While advancements in pulse valves, filter bags (socks), and pressure differential controllers show supporting data that doctor efficiencies in collector performance, this technology focuses on an incumbent enemy, that if corrected, will dramatically extend the life of all system componentry. Because dust collectors consume less than 30 cfm, on average, operators typically pay little attention to the quality of compressed air being supplied. Even though these collectors have low flow specifications, measured in cfm, the actual volume of air per pulse dramatically exceeds that specification.
What happens to this high volume of air as it rapidly exhausts out the orifice of a pulse valve is the underlying issue termed supercooling — this is what Tsunami addresses with its bag house drying technology.
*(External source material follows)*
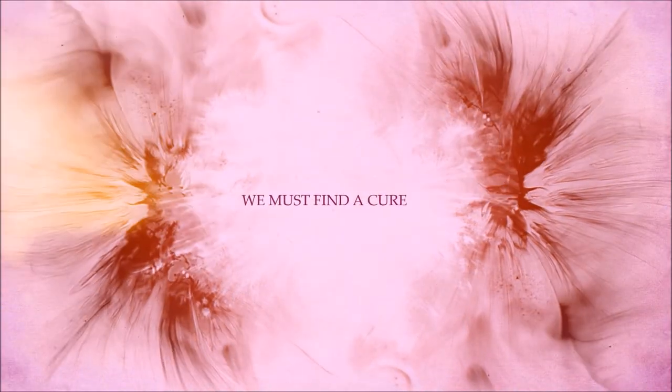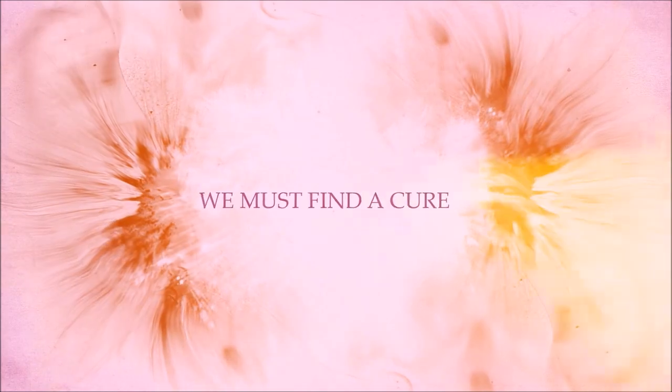Something must be done. We must find a cure.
Supercooling explains the rapid expansion of air that loses heat due to the immediate separation of molecules. Simply put, for every 20°F that air cools, it loses approximately 50% of its ability to hold moisture in the form of vapor, or humidity. In collector applications, this cooling effect converts water vapor to liquid as air quickly expands out of each pulse valve. Damp air hits the bags or elements creating a wet cake substance that prematurely clogs the filter and inhibits air from passing through. Not only does this wet air reduce the life of each filter, it also wreaks havoc on collector systems in climates where freezing may occur.
Having excess storage of ultra-dry air in dust collector applications is necessary for eliminating moisture within the system and increases the life and efficiency on the system.
Tsunami Compressed Air Solutions has designed an all-in-one regenerative air dryer to eliminate air-related issues that prevent a dust collector system from operating proficiently. Let’s examine how the system works.
Air travels into the zero-maintenance water separator where water is removed and particles are filtered down to 10 micron. Before exiting the pre-filters, the oil coalescing element removes aerosols down to 0.001 ppm and particulates down to 0.01 micron.
A gate valve and flow meter, integrated before the inlet of the dryer, helps prevent the collector from overrunning the system.
Pretreated air enters the regenerative dryer where dew points and relative humidity are lowered down to -40° F and 0.01% RH. The technology features self-regenerating towers to eliminate the need for manually changing desiccant. This level of air quality prevents the chance of moisture creation during the supercooling process.
A small amount of dry air is reverse-flowed to purge out the humid desiccant while the bulk of the air is stored in an 80-gal receiver tank. This excess storage of ultra clean, dry air is essential to supply the high surges of flow experienced during pulsing. To accommodate for these spikes in demand, a high-flow regulator is utilized on the tank outlet port.
If monitoring compressed air quality is desire, a test port is located on the inlet side of the receiver tank.
In one example, a tank-mounted regenerative dryer was installed at a tire plant and then monitored by use of a data logger. The goal of the installation was to reduce the air consumption and improve bag life. Dust collectors were filtering carbon black and the pulse valves cycled off a photohelic pressure switch that unintentionally robbed the plant’s air capacity.
After just days of being installed, it was discovered that by using dry air with at least a -40° F dew point, the pulse valves cleaned the bags more effectively, and cycled 50% less often than before the dryer was installed.
The included chart shows the data logger that was used to capture air consumption during the study. The dust collector dryer reduced the amount of air/pulses considerably. The facilities engineer stated that the effectiveness of each pulse extended the filter life by two times and estimated the return on investment to be about three months.